Greed and Professionalism

October 21, 2007

I have been carrying around a newspaper clipping from Simon Caulking in the Observer at the start of the month. He is reviewing From Higher Aims to Hired Hands by Khurana. I have the book on order, and will blog after I have read it but there are some key points that deserve and early airing. The question of management as a profession has been around and unresolved for some time; it comes up from time to time in Knowledge Management but I think that is a lost cause (not as a valued practice, but as a recognised profession). I am more or less summarising other peoples’ words hereafter.

The argument is that management schools failed to create a “grand narrative” of management as a profession with a claim to moral leadership. In consequence they were bounced into a narrower role: creating technocratic managers and super charging the careers of their graduates.

In effect this a reversal of the professional project, and the scandals of the past few years are the “bitter fruits” of business chool developments in the Seventies and Eighties.

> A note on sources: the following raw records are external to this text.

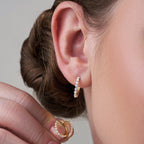 Shared 2-Prong Circle Hoop Earrings w/ Hinged-Backs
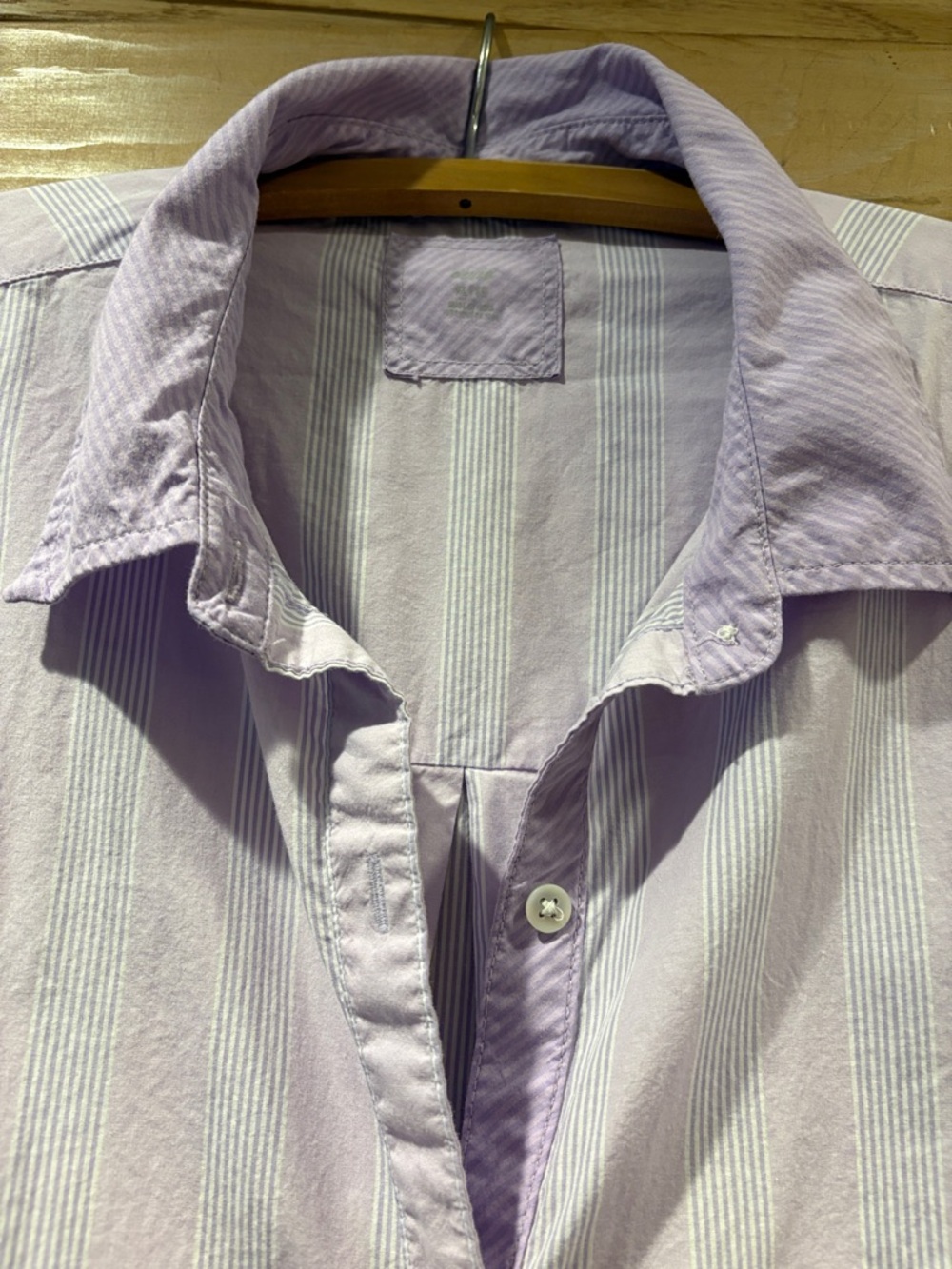 aerie Lavender & White Striped Button-Down Shirt XXL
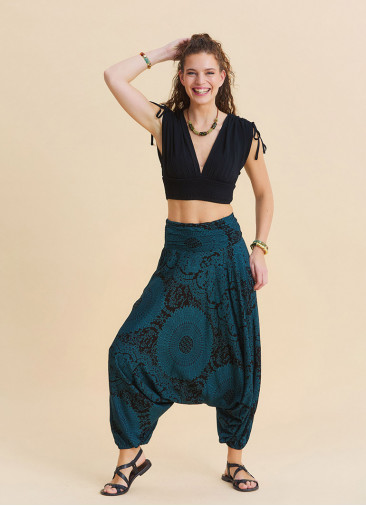 Drape Bel Paçası Lastikli Petrol Yoga Pantolonu 7180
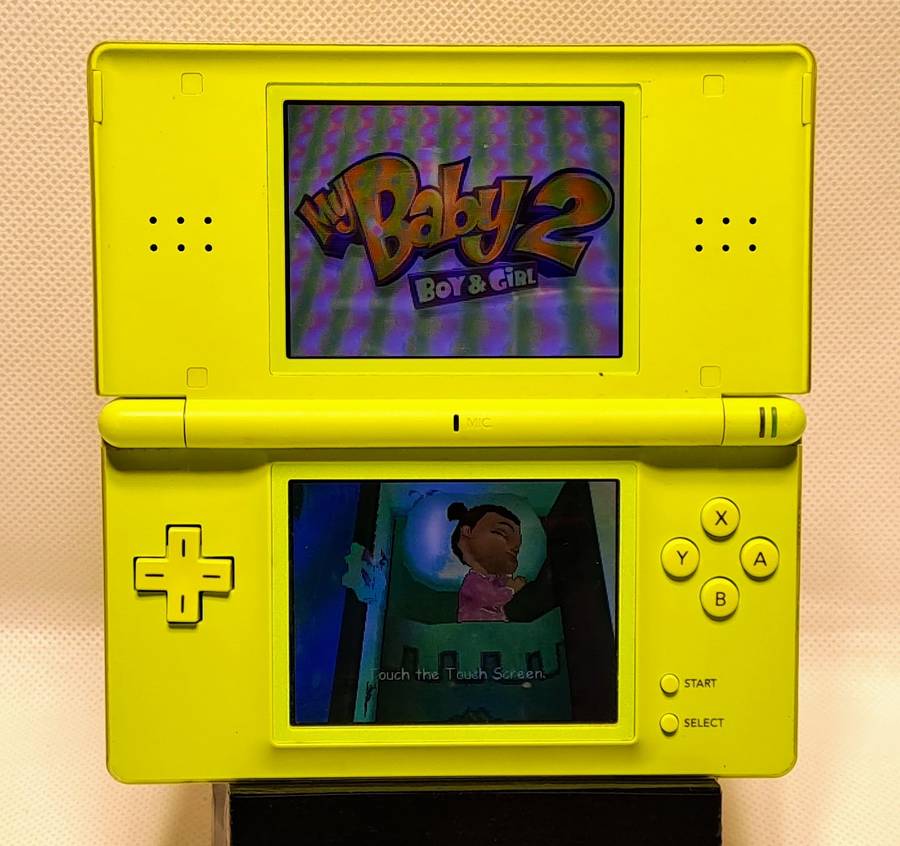 Nintendo DS Lite (Limited Edition Lime Green) handheld console with bundled games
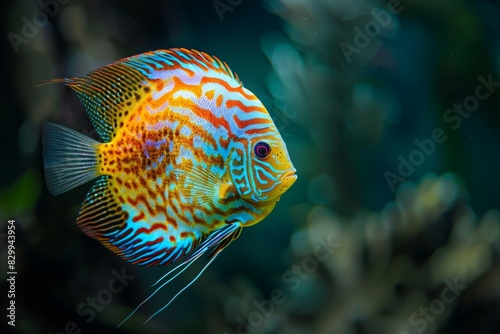 Charming discus fish (symphysodon aequifasciatus) displaying gorgeous color patterns in aquarium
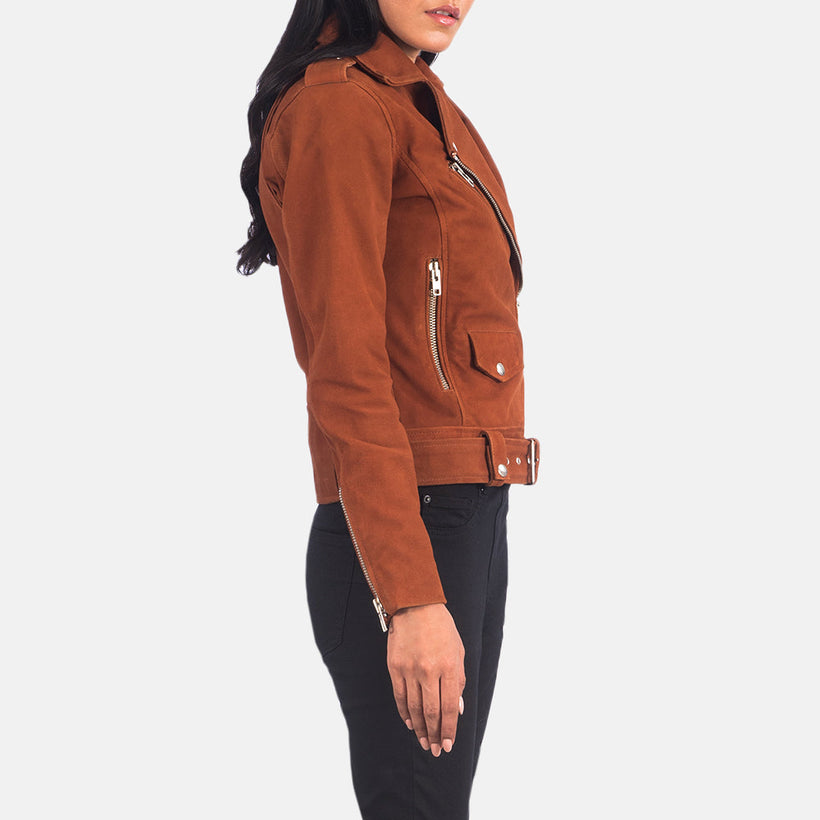 Alison Castanho Suede Blusão Biker de Couro para Mulher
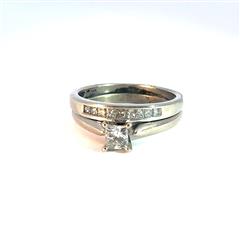 14K Yellow Gold Diamond Soldered Wedding Set 1.45 C.T.W. Size 7 8.7g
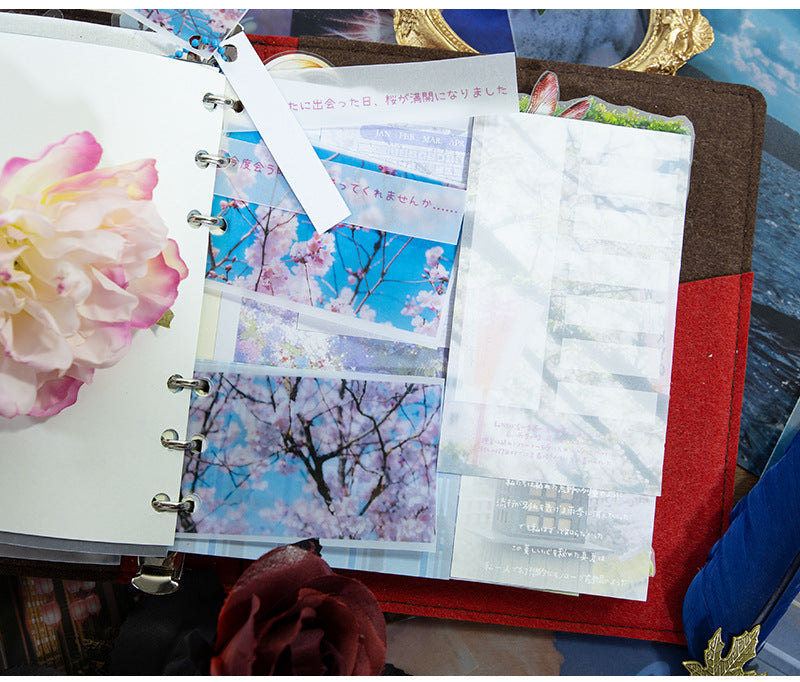 New Style Journal Background Sulfuric Acid Paper Diary Decoration Fresh Style Items Stickers Journal Material Paper Printing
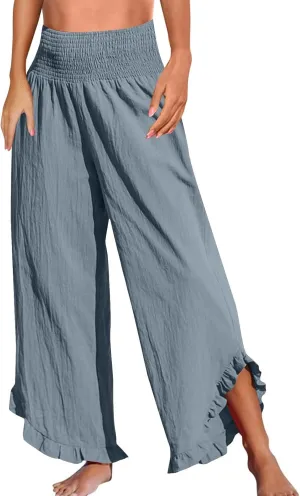 Vacation Outfits Beach 2025 Irregular Hem Loose Going Out Resort Pants Wide Leg High Waist Solid Sweatpants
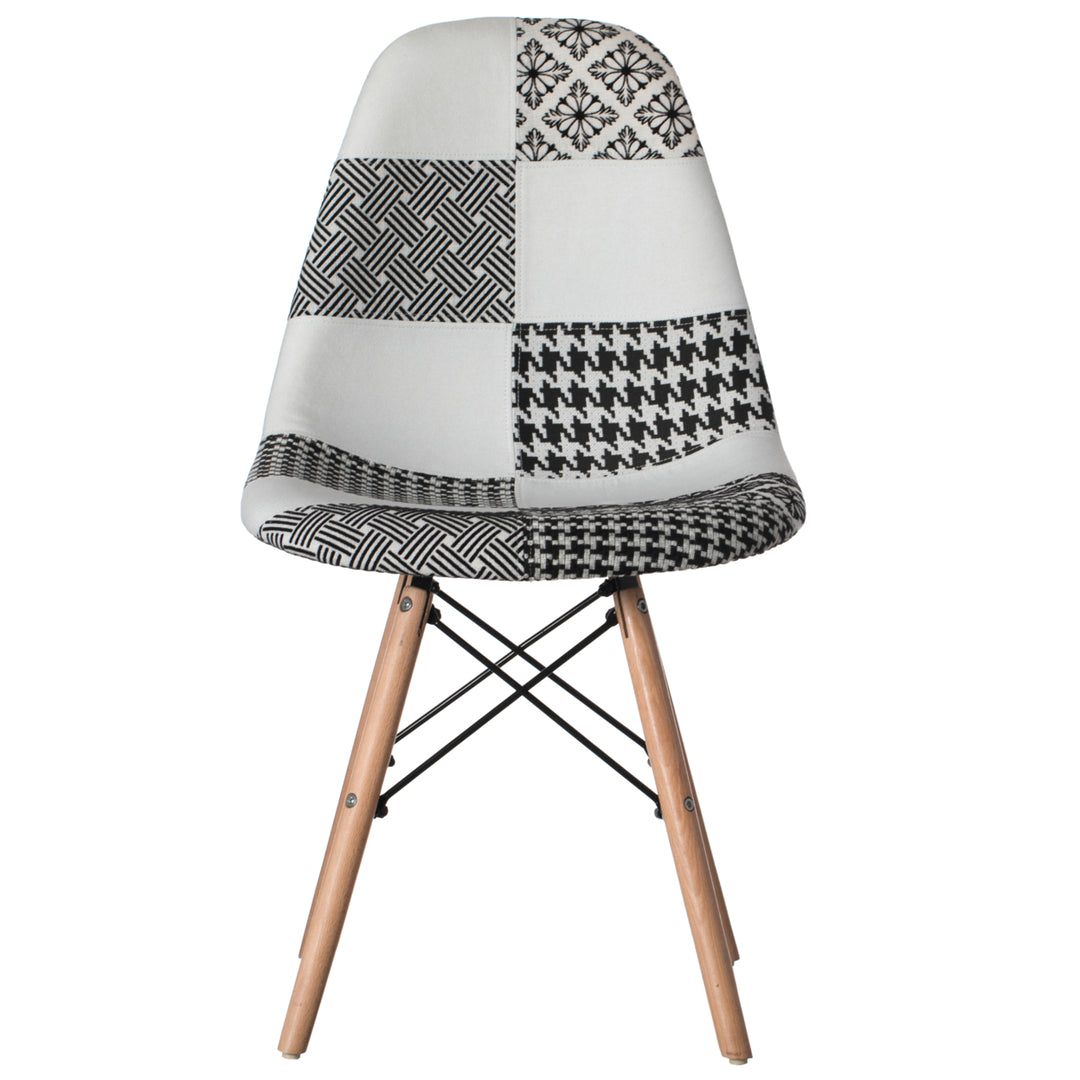 Modern Fabric Patchwork Chair with Wooden Legs for Kitchen, Dining Room, Entryway, Living Room with Black and White Image 4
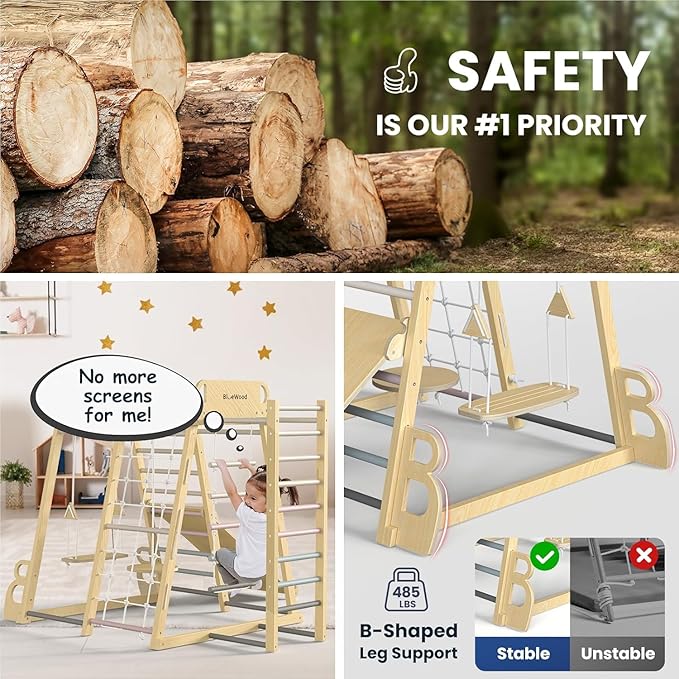 BlueWood Upgraded Indoor Jungle Gym 9-in-1 Playground Kids Climbing Toys, Waldorf Style Wooden Climber Playset with Slide, Swing, Monkey Bars, Upright/Rope Ladder, Climb Net, Pink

In a really nice twist, the argument proceeds to state that if management is a means to amass wealth then it is not a profession and it gets in the way of the efficient functioning of markets. However the system is now perverted and it is not possible for the business schools to even ask, let along answer the questions that are being asked of them.

Now remember this comes from a Harvard Professor but the review reminds me of the deep levels of concern over city salaries, the general justification of greed without social or moral responsibility. There is a project here and we own Khurana a debt for raising the issue. I am looking forward to the read.